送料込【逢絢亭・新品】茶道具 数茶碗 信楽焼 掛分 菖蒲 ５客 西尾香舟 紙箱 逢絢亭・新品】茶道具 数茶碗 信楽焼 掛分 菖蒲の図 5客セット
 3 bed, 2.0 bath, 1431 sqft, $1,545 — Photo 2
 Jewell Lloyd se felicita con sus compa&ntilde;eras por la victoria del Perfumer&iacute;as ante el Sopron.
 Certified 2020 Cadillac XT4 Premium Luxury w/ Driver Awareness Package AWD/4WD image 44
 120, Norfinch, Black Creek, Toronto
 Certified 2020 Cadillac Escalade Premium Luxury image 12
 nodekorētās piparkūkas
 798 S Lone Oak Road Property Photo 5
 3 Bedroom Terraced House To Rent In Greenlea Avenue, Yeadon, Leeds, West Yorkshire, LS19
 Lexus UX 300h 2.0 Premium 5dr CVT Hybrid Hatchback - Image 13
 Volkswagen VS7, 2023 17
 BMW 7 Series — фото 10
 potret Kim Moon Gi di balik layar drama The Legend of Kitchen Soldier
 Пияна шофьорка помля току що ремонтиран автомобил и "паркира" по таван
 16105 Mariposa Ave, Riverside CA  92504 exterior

============================================================

> [Task to carry out]: The required result is an exact repeat of the records above from the line containing "120, Norfinch, Black Creek, Toronto" to their final line.

> [Final answer]:
 120, Norfinch, Black Creek, Toronto
 Certified 2020 Cadillac Escalade Premium Luxury image 12
 nodekorētās piparkūkas
 798 S Lone Oak Road Property Photo 5
 3 Bedroom Terraced House To Rent In Greenlea Avenue, Yeadon, Leeds, West Yorkshire, LS19
 Lexus UX 300h 2.0 Premium 5dr CVT Hybrid Hatchback - Image 13
 Volkswagen VS7, 2023 17
 BMW 7 Series — фото 10
 potret Kim Moon Gi di balik layar drama The Legend of Kitchen Soldier
 Пияна шофьорка помля току що ремонтиран автомобил и "паркира" по таван
 16105 Mariposa Ave, Riverside CA  92504 exterior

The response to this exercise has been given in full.